La violence à l’épreuve de la littérature : Rencontre avec Mustapha Benfodil (Algérie) et Samir Sassi (Tunisie)

Legacies of violence leave visible and invisible traces on societies, prompting questions about their political trajectories, their effects, the sense of justice and peace, and associated creative expressions. Literature is one of the privileged domains that explores these questions. Whether fiction or non-fiction, literature addressing violence is a powerful means of expression which can reflect and link individual and shared experiences, influence and be influenced by public debates, as well as contribute to an evolving understanding of the role of public and cultural memory in dealing with the legacy of violence.
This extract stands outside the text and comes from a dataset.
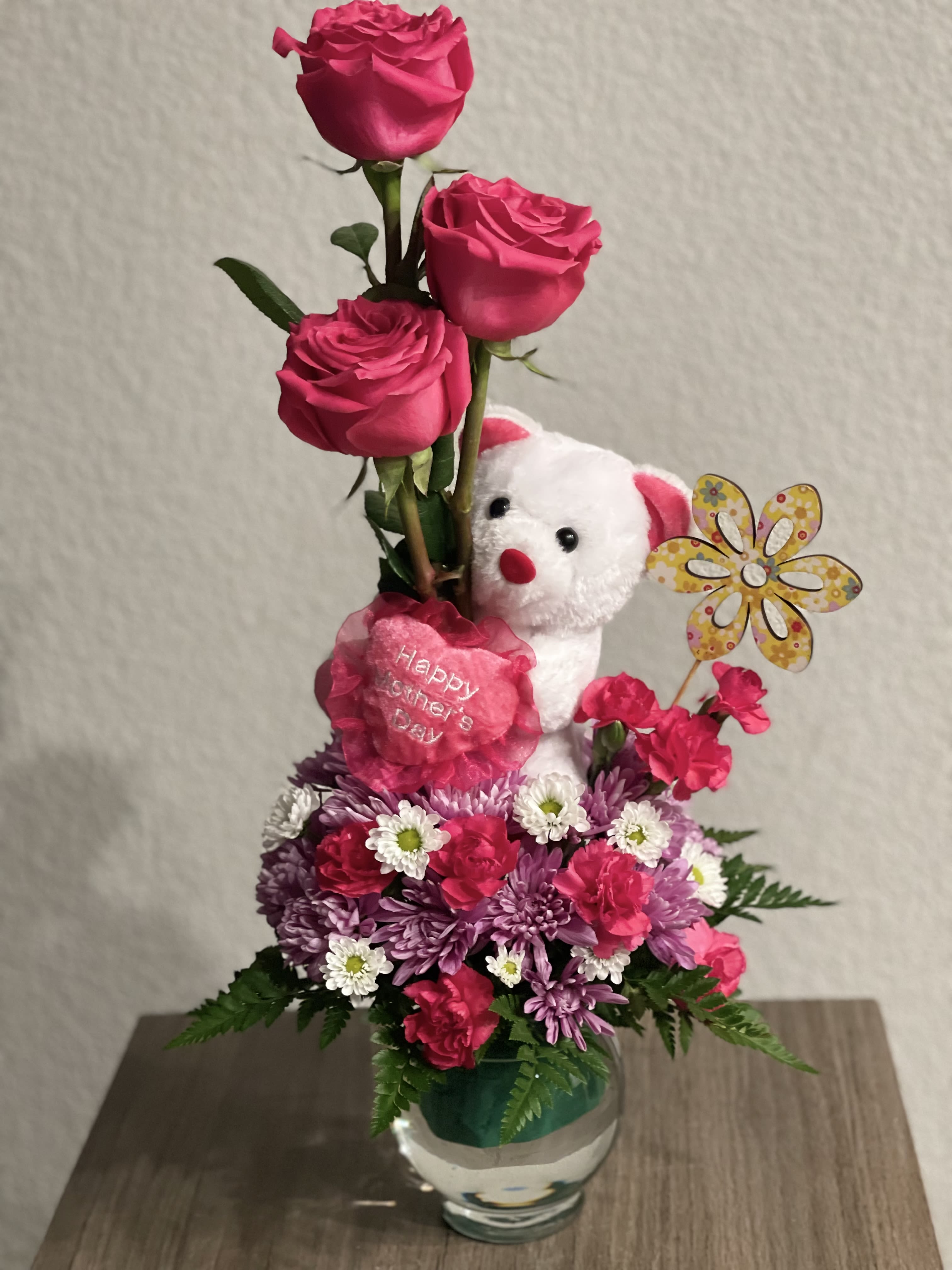Pink rose arrangement with a teddy bear and flowers in a glass vase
Both Algeria and Tunisia deal with legacies of violence. The literary work in Algeria and Tunisia forms part of a continued negotiation, elaboration, identification and recognition in dealing with past violence that flows over into the present in the two countries.
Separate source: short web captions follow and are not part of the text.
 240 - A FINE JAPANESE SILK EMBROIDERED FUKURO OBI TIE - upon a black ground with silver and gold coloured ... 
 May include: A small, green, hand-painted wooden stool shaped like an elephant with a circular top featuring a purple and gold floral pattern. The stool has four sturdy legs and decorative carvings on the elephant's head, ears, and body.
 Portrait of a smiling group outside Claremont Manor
During this Rencontre Ibn Khaldoun, Professor Ratiba Hadj-Moussa will discuss with Algerian writer Mustapha Benfodil and Tunisian writer Samir Sassi their works and their treatment of the civil war (Algeria) and authoritarian violence (Tunisia), the impacts of the those on their personal and artistic experiences, as well as the relationships of their works with public debates in their respective countries or more broadly.

Details:

Date: Thursday, September 15, 2022, 14:00-17:00 (Tunis time)
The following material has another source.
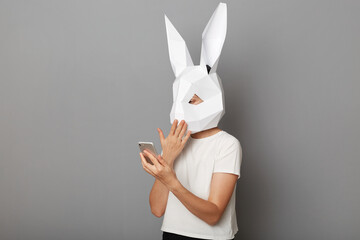 Portrait of shocked astonished anonymous woman wearing white t shirt and paper rabbit mask standing...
Venue: “Soufia El Golli” Hall, Tunisian Cinematheque, City of Culture, Tunis

Presenter:

Mustapha Benfodil is an Algerian writer born in 1968. He studied mathematics and journalism in Algiers. A protean author, his writing includes novels, theatre and poetry. Benfodil has published four novels, all of which were published by Barzakh in Algiers and partly republished in France: Zarta (Le déserteur, 2000); Les Bavardages du Seul (2003); Archéologie du chaos [amoureux] (2007; Al Dante, 2012), Body Writing. Vie et Mort de Karim Fatimi, écrivain (2018; Macula, 2019, under the title Alger, journal intense). Mustapha Benfodil is also the author of a dozen plays and a collection of poetry: Cocktail Kafkaïne [**Black poetry**] (Bristol, Hesterglock Press, 2018). In 2020, he received the Mohammed Dib Prize for his novel “Body Writing”.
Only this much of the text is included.